Back on June 8, Weekend Edition Sunday anchor Rachel Martin -- the same liberal host that cheered the punk group Bad Religion taking apart Christmas songs and mocking Jesus and Christians -- tried to claim this was a "classic romantic comedy," if we can just gloss over the fetal remains: "Gillian Robespierre and Jenny Slate joined me in our Washington, D.C. studios to tak about what is, in many ways, a classic romantic comedy, except that the comedy is centerstage."
In a promotional six-minute interview, Martin played a scene where Slate's character Donna Stern goes on stage and takes out her anger on her ex-boyfriend and his new love interest by saying "I'd love to murder-suicide them." This was apparently "great," according to NPR. She asked Robespierre, the screenwriter and director:
MARTIN: I do love that she's a stand-up comic. So this character could of been anything. She could have been an investment banker. She could have been a hairstylist just as long as she had that kind of sharp wit, probably would've worked narratively. But Gillian, what did Donna being a comic give you in terms of opportunities in this film besides great scenes like the one we just heard?
Martin even suggested that (abortion aside), the film was so "sweet and lovely" and not "edgy," and could have been "darker" in tone. She never brought up the A-word in the interview. She just let Robespierre bring it up to whatever extent she wanted:
RACHEL MARTIN: In the end, this ends up being such a sweet film. And I wasn't expecting it because it has a very edgy, irreverent personality throughout. And the romance between Donna and Max evolves.
JENNY SLATE: Yeah.
RACHEL MARTIN: And it's so sweet and lovely. Did you ever think about turning it on its head and making it into something darker?
GILLIAN ROBESPIERRE: No. We really love romantic comedies. And that's sort of the genre that we wanted to stick to. The question was never will Donna or won't she have an abortion? It was will she be able to tell the Max character [the father], and how is he going to react to it? And I think we always wanted it to be a happy ending. And we leave them where we find them, just sort of getting to know each other.
RACHEL MARTIN: Was it difficult at all to find jokes about abortion?
JENNY SLATE: Well, actually, you'll notice that there aren't a lot of jokes about abortion in the film. And I think what we tried to do with the comedy was to just make sure that it made us laugh.
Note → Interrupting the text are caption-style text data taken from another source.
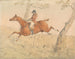 Overlooking a park fence and doing things easily - Henry Thomas Alken — artwork view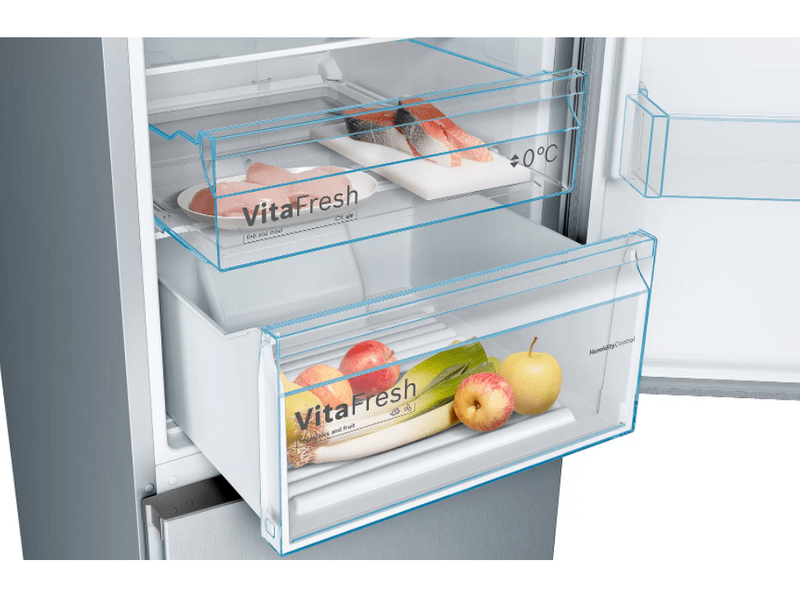 Bosch KGN39VLEB Alulfagyasztós kombinált hűtőszekrény, NoFrost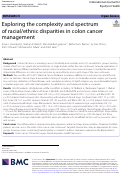 Cover page: Exploring the complexity and spectrum of racial/ethnic disparities in colon cancer management.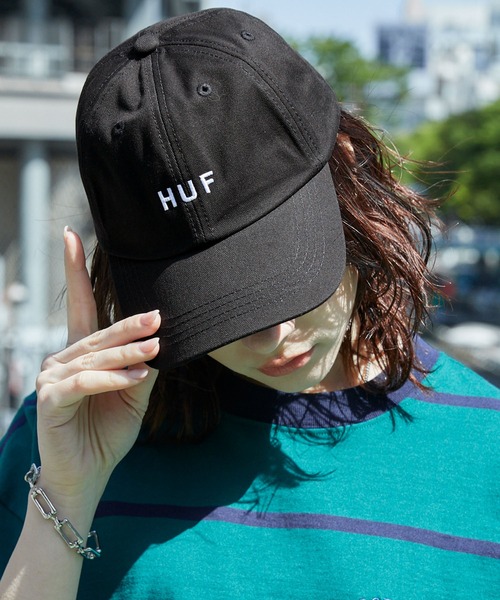 HUF(ハフ)の「HUF/ハフ ESSENTIALS OG LOGO CV ロゴキャップ(キャップ・メンズ・ホワイト/ブラック/ライトブルー・FREE)」の11枚目の写真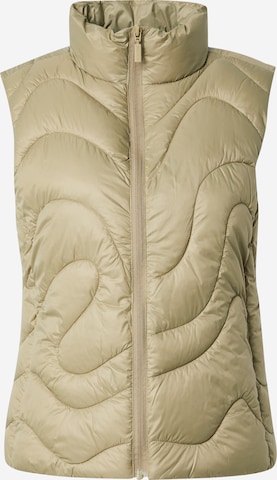 Gilet 'Nor' mazine en beige : devant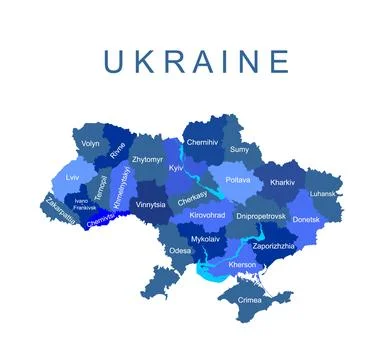 Editable Ukraine map vector silhouette illustration isolated Illustrazione stock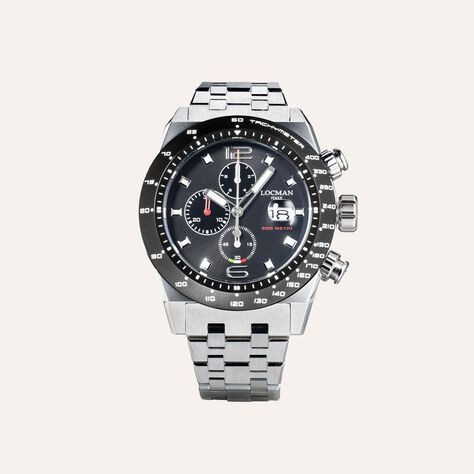 Orologio Al Quarzo Locman Stealth 0219a01a-0kbknkb0 - Orologi con Datario Uomo | Stroili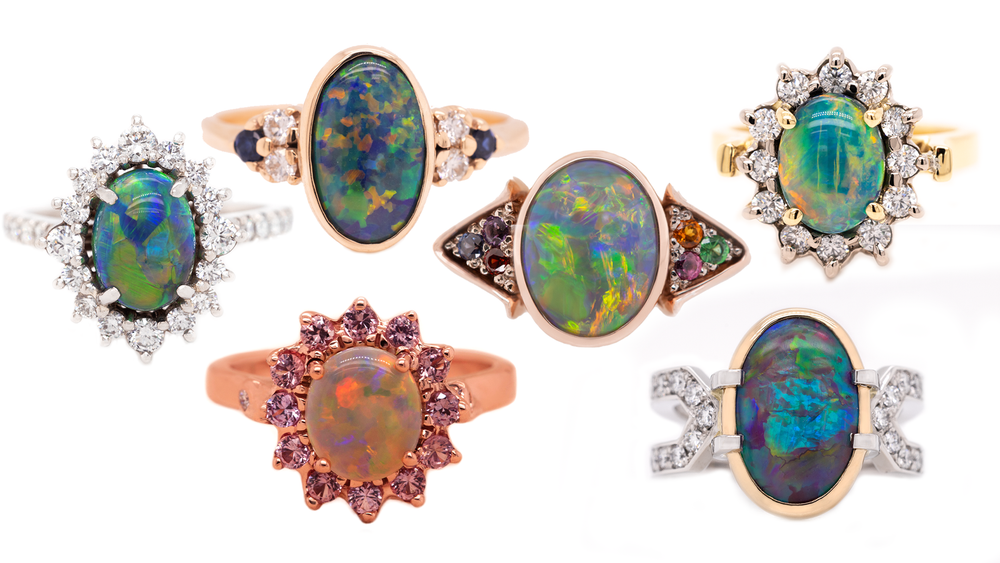 Different Color Opal Rings What You Need to Know About Opal Engagement Rings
That it wasn't trying to be glib or flippant or too hip. I'm not a fan of the too-cool-for-school vibe. I think it's good to be thoughtful. And sometimes, we put a toe over the line. And I think that's good. I think it's good to be flexible with the boundaries, a little bit, of what we think is, like, OK to joke about to show ourselves that it's so fragile and so rigid that, you know, everything is going to break if we just change our language or change our viewpoint.
This is the secular-progressive world. A "sweet and lovely" romantic comedy is a one-night stand between strangers, and what really makes the romance click is when they get to know each other as they have their baby vacuumed out of the womb.